## PROMPT
Pictures excluded, reproduce exactly the lines below from the one with "This sea salt" through the one with "In order to", both included.

## INFORMATION SHOWN
/---

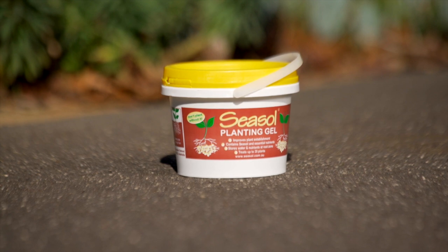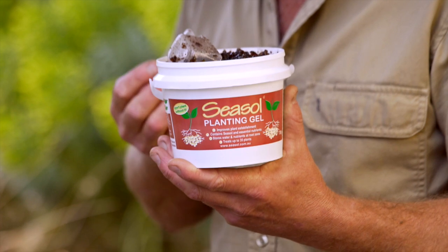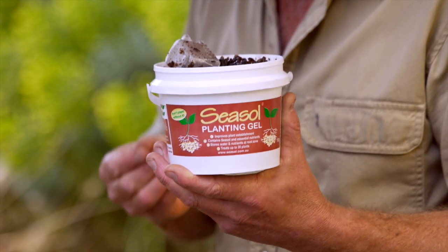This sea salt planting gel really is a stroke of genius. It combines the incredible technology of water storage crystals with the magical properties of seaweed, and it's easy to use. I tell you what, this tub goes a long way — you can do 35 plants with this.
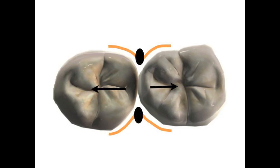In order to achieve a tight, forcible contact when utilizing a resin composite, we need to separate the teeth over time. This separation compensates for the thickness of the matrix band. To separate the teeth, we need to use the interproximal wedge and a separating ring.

\---
/---

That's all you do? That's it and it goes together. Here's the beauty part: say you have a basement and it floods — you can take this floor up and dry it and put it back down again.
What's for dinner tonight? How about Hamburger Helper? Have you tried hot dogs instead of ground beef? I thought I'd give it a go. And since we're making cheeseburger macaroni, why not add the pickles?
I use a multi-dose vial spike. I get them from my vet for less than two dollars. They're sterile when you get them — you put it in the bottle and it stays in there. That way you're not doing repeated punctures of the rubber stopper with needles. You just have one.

\---

## TASK RESPONSE
This sea salt planting gel really is a stroke of genius. It combines the incredible technology of water storage crystals with the magical properties of seaweed, and it's easy to use. I tell you what, this tub goes a long way — you can do 35 plants with this.
In order to achieve a tight, forcible contact when utilizing a resin composite, we need to separate the teeth over time. This separation compensates for the thickness of the matrix band. To separate the teeth, we need to use the interproximal wedge and a separating ring.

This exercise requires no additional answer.